Cycles are more difficult to measure over time than clusters because of the quick shift from few or no cycles emerging (when edge numbers are low) to a somewhat complicated mess of many interconnected cycles (when edge numbers increase). Part of the problem is, unlike clusters, in graph theory, a node can be in more than one cycle at a time, meaning that when edge numbers increase only by a little, the number of cycles gets extremely difficult for the program to count. This was also a problem with cliques because a node can be in more than one clique at the same time as well. The ZFEL model had a much larger “window” in which cycles could be counted, however, most of those results could not be compared to the random model. Therefore, the most useful data comparing the two models was the longest cycle size over five different edge formation probabilities after ten generations (see Fig. 12). There are only two data points to display with the random model (the arrow is the second data point), however, the arrow represents the steep increase expected in the random model based on individual runs even though the 100-run simulation data could not be calculated. The trend in longest cycle length in the ZFEL model also increases rapidly, but at a much slower rate.

The minimum clique size measured was two nodes (an edge).
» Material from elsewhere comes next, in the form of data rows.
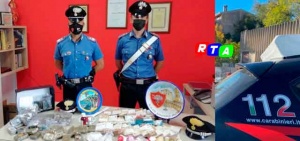 Salerno-pastena-mercatello-carabinieri-droga-soldi-RTAlive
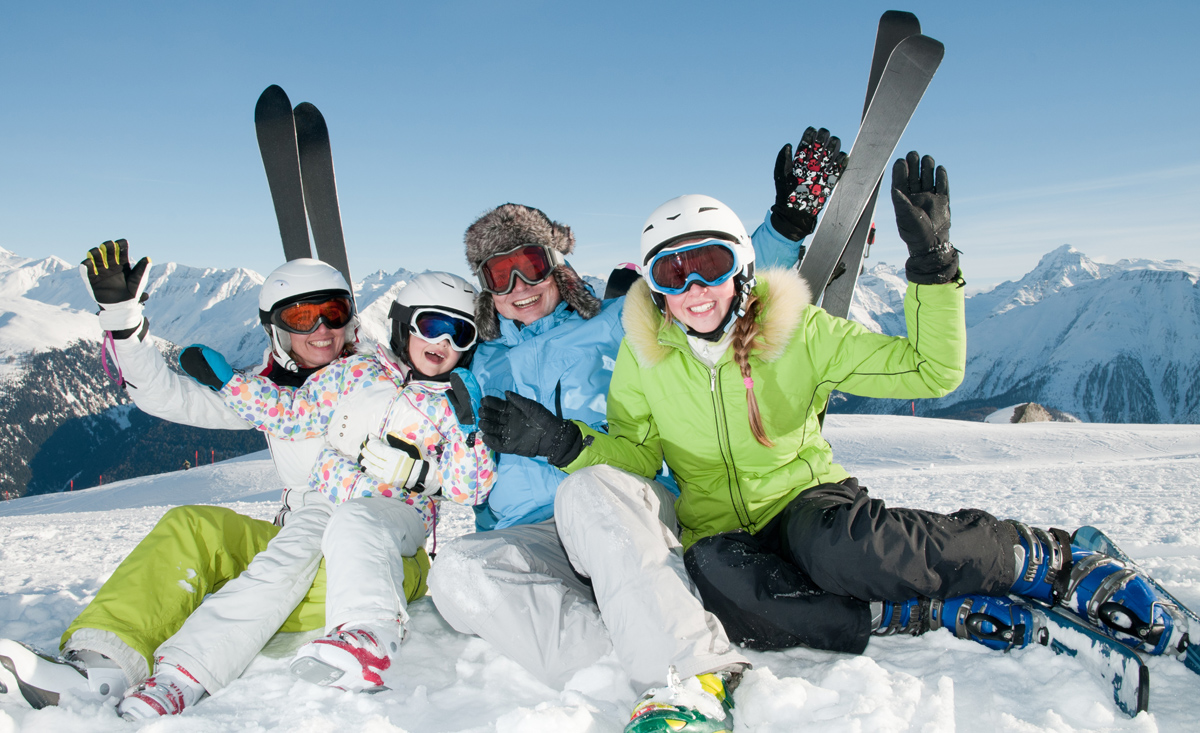Skiurlaub mit Kindern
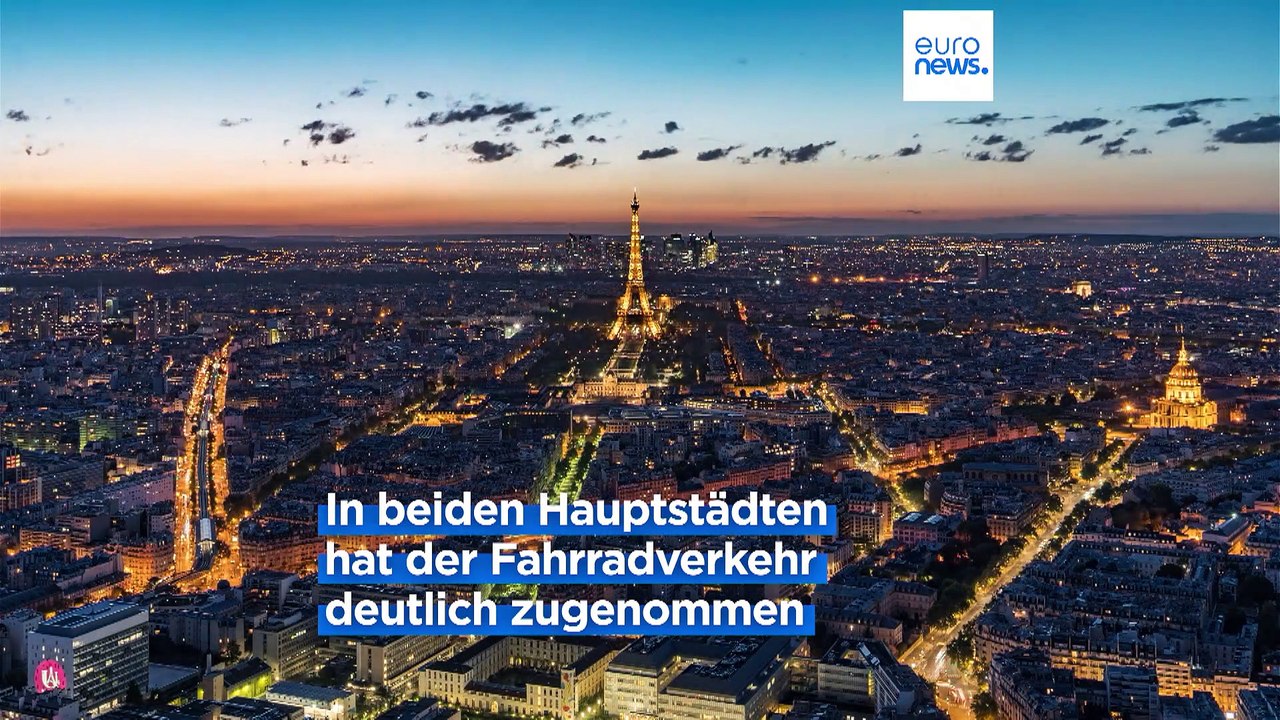 Verkehrswende in Europas Städten: Paris macht's vor, London hinkt hinterher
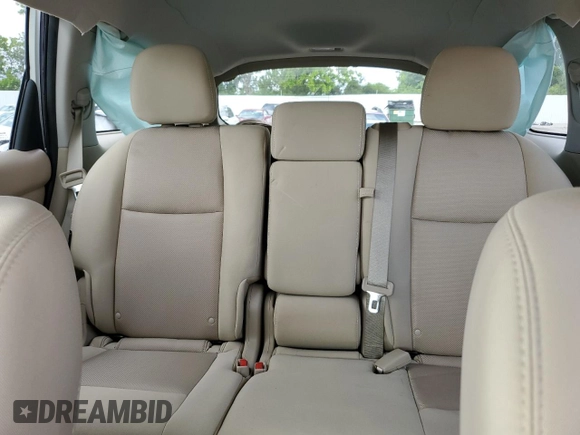 2020 Nissan Pathfinder SV with VIN 5N1DR2BN3LC623039, listed as a Copart auction lot 58054035 with 35,798 mi miles and Salvage title. Bid and sale history available at DreamBid. Image 10.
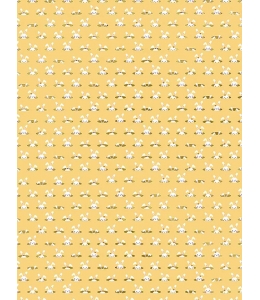 Бумага для декопатч "Зайка золотые вкрапления", Decopatch (Франция), 30х40 см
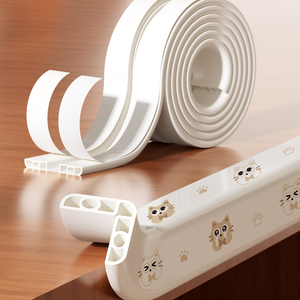 Venta al por mayor, escritorio de seguridad para bebés, protección para el hogar, <span class=keywords><strong>protector</strong></span> de bordes, protectores de esquina para mesa de bebé, protectores de esquina para niños - Product Image 1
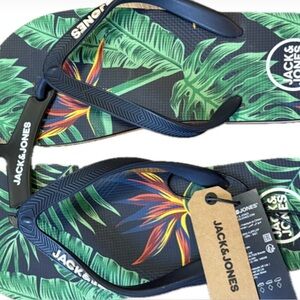 Jack & Jones Multicolor Flip Flops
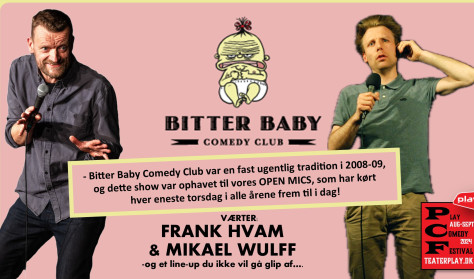 Frank Hvam & Mikael Wulff - Bitter Baby Comedy Club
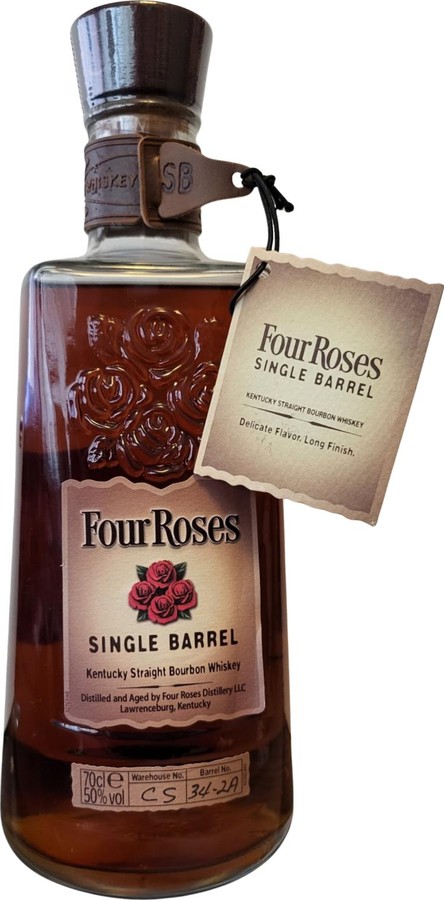 Four Roses Single Barrel 34-2A 50% 700ml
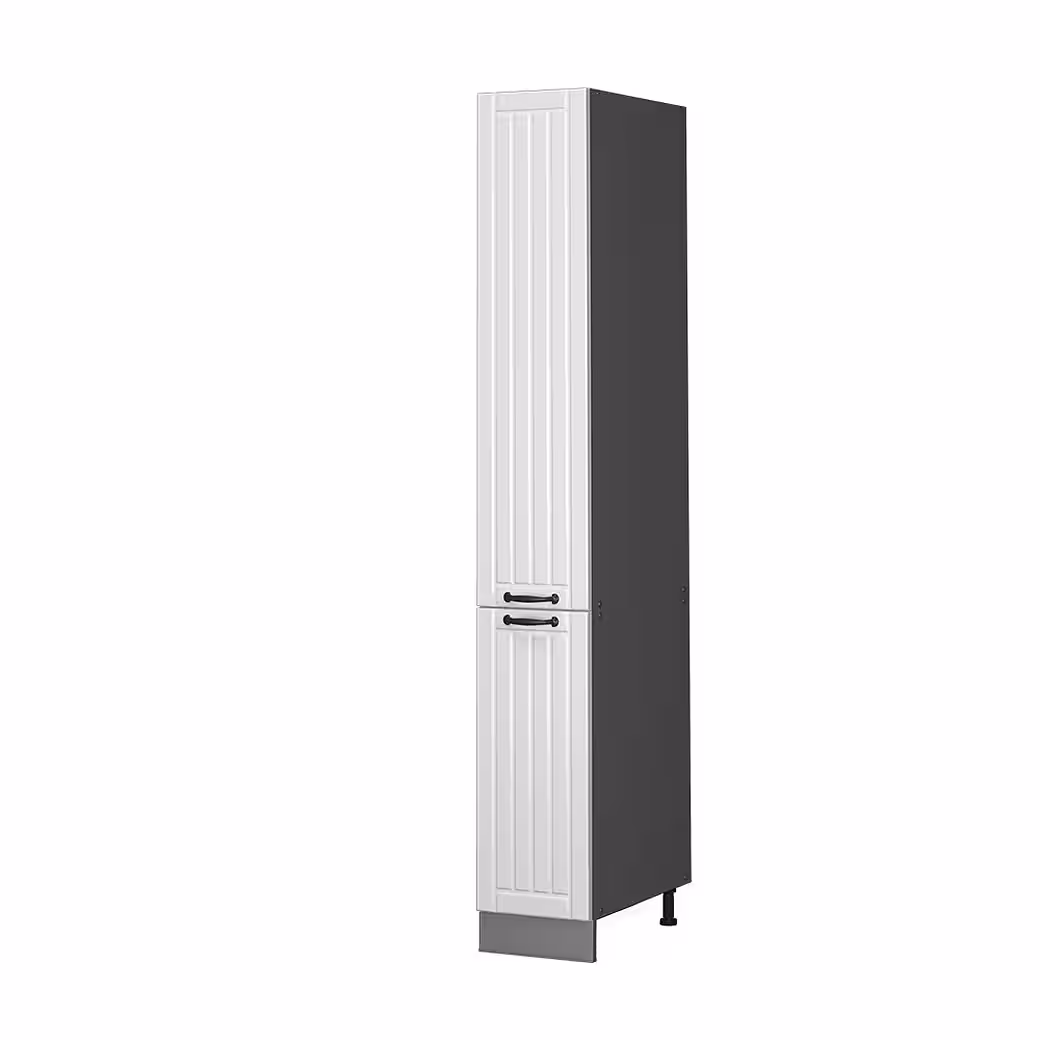Vicco Hochschrank Fame-Line, Goldkraft Eiche/Anthrazit, 30 cm (1-St) – Bild 3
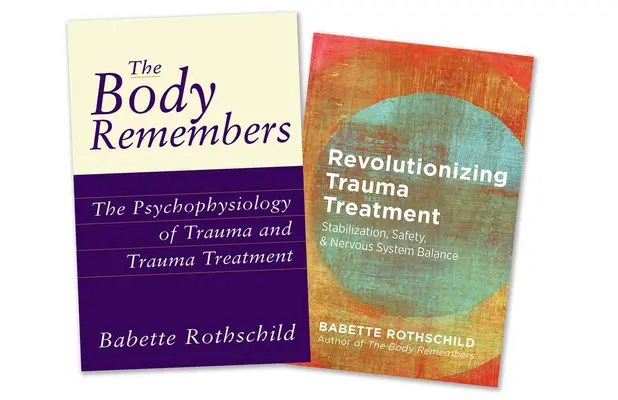 Body Remembers Band 1 und Revolutionierung der Traumabehandlung, Zwei-Bücher-Set - Body Remembers Volume 1 and Revolutionizing Trauma Treatment, Two-Book Set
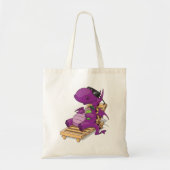 Dragon Vacation Tote Bag Tragetasche (Vorne)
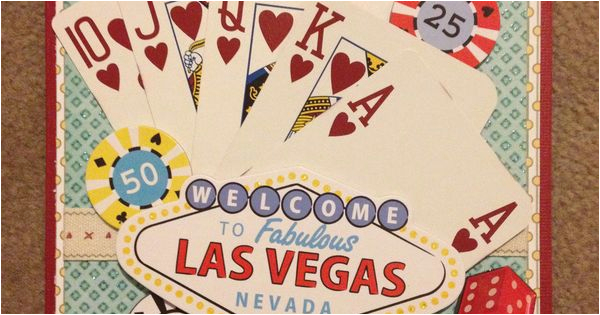 Las Vegas themed Birthday Cards Card Made for A Las Vegas themed Birthday Using Stampin Las Vegas themed Birthday Cards Card Made for A Las Vegas themed Birthday Using Stampin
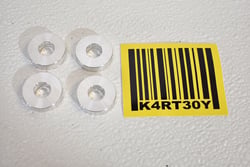 Picture of Kartboy KB-017-WLS Front Swaybar Endlink Spacers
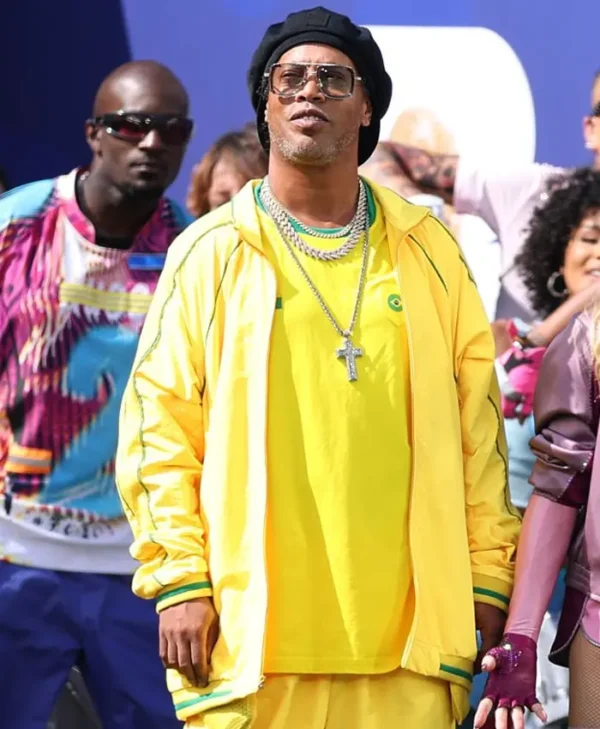 FIFA 2026 Ronaldinho Yellow Jacket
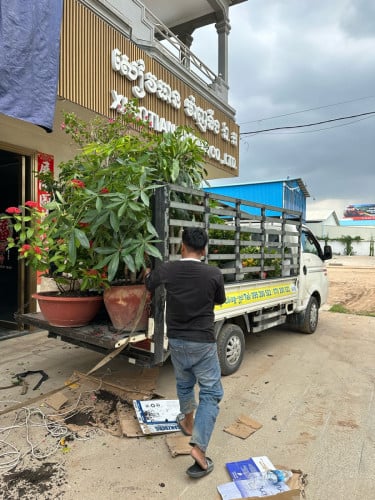 Keo moving truck Service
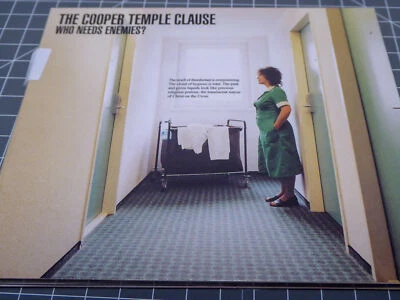THE COOPER TEMPLE CAUSE * Who Needs Enemies EP * VG+ (CD) - Bild 1 von 2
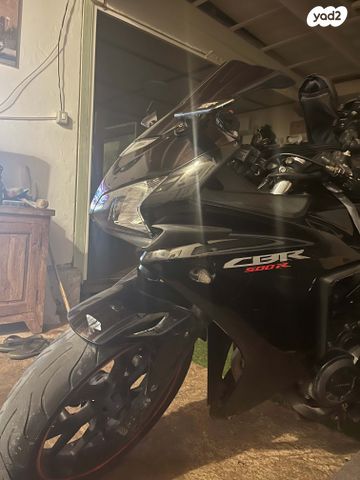 מודעת רכב הונדה CBR500R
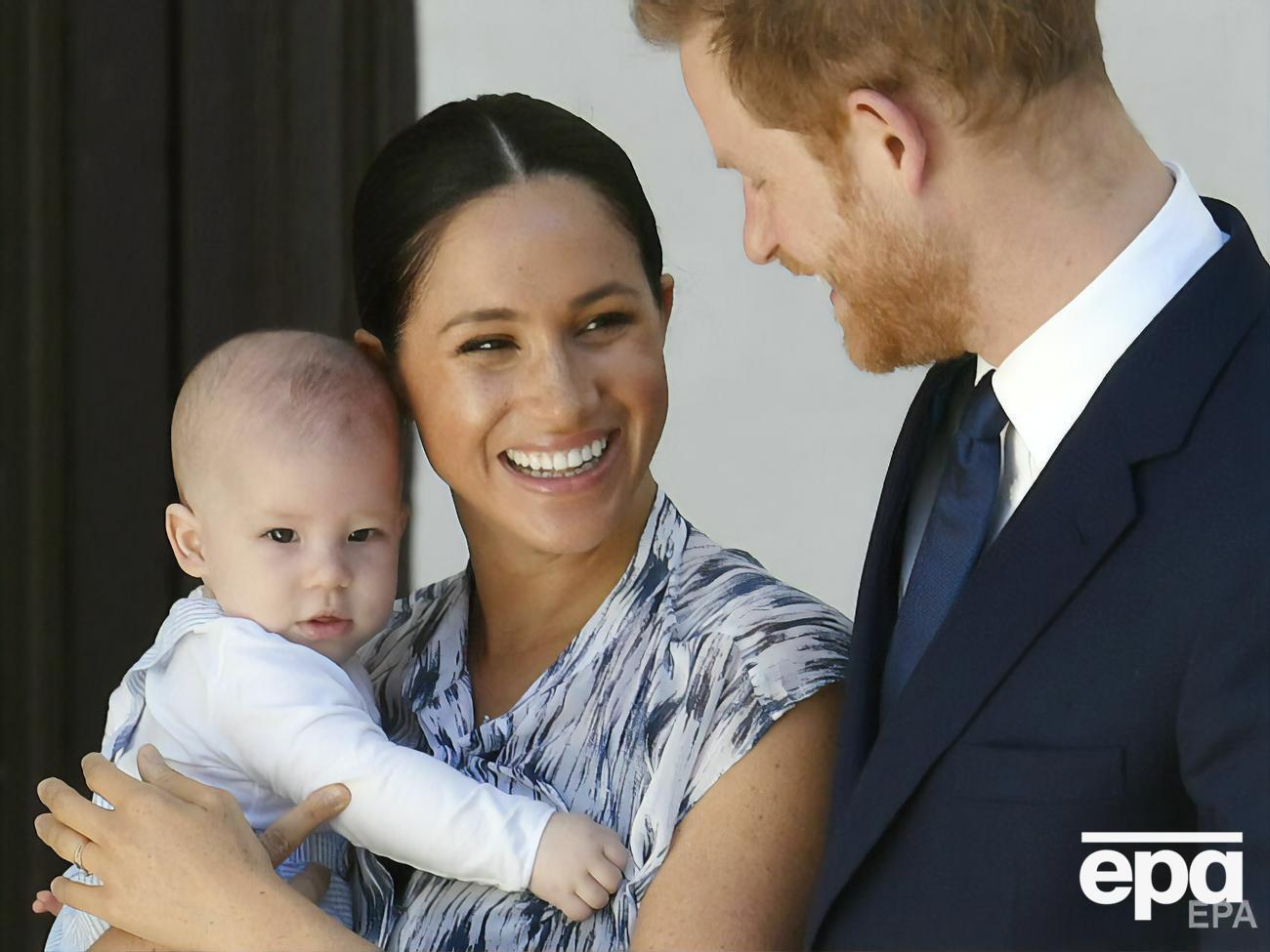 Сын Арчи принца Гарри и Меган Маркл родился 6 мая 2019 года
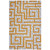 Nahia Geometric Maze 8x10 Area Rug, Fabric, Multi Yellow 14773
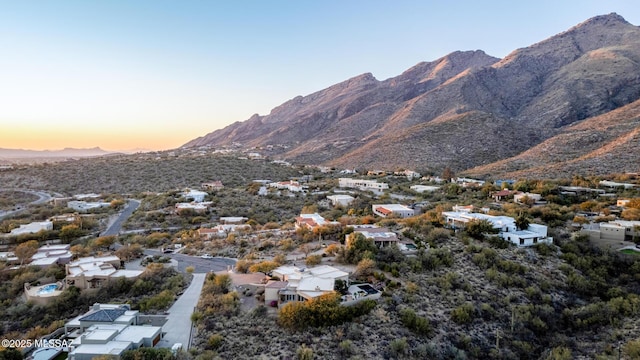 property view of mountains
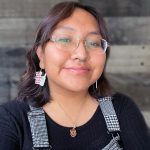 Reporter’s Notebook |  ‘I am home’: UNM grad returns home to tell Diné stories
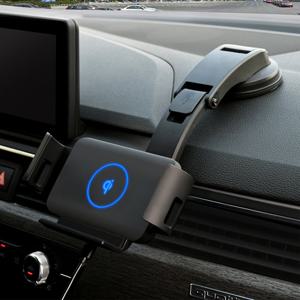 카템 차량용 가로본능 무선 15W 고속충전 거치대 S1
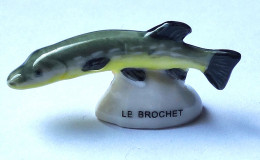 Fève / Fèves 2001 Les Poissons De Rivière * Le Brochet (T 3163) - Animaux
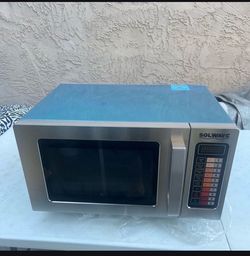 Microwave Solwave Mw1000t Stainless Steel Commercial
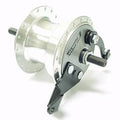Versnellingsnaaf 3 speed Sturmey Archer Summit X-RD3 trommelrem - high polish aluminium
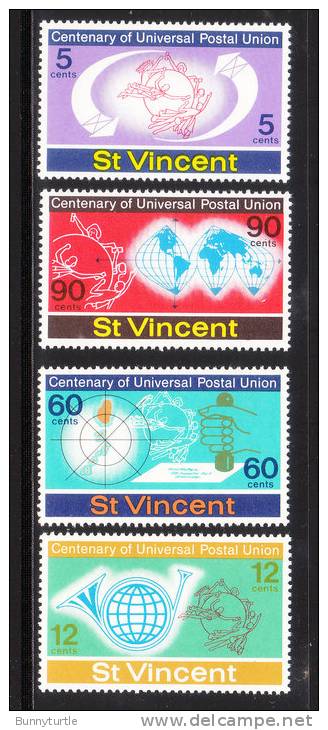 St Vincent 1974 UPU Centenary MNH - St.Vincent (...-1979)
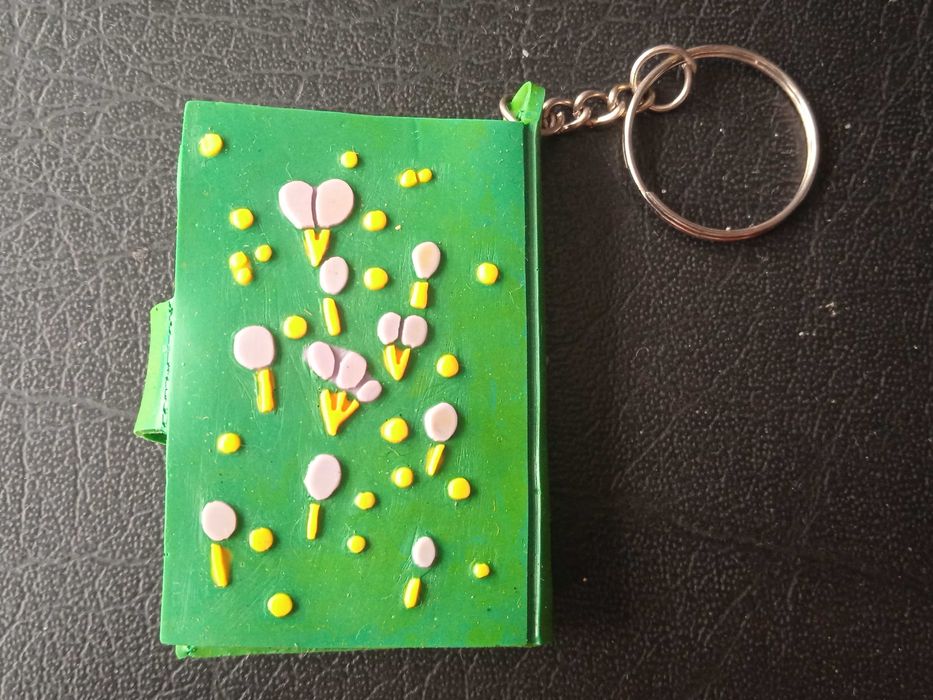 Ключодържател - Тефтерче Дядо Коледа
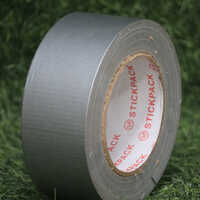 Pvc Duct Tape - Bopp Material, 100m Length X 50mm Thickness, Grey Color | Single-sided Acrylic Adhesive, Ideal For Sealing And Binding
In Fig. 13, which shows the average clique size in relation to the number of cliques, it is clear the difficulty of a 3-clique or larger forming in both models, even when the number of cliques is high. This means a 3-clique would likely form in an already very highly connected network. This can be seen in Fig. 14, where the largest clique size is compared to the number of cliques, and gives similar results to Fig. 13. Even at very large numbers of cliques, both models still barely produce cliques of size four or five. These numbers are the averages over 100 simulations. Unlike the other data, because clique size is so variable, it is quite possible that within a set of parameters, one simulation run could produce a clique of say, size 6, while the majority of runs only produce cliques of size 2. It is good to keep this in mind when interpreting the results. Figures 13 and 14 have logarithmic trend lines added.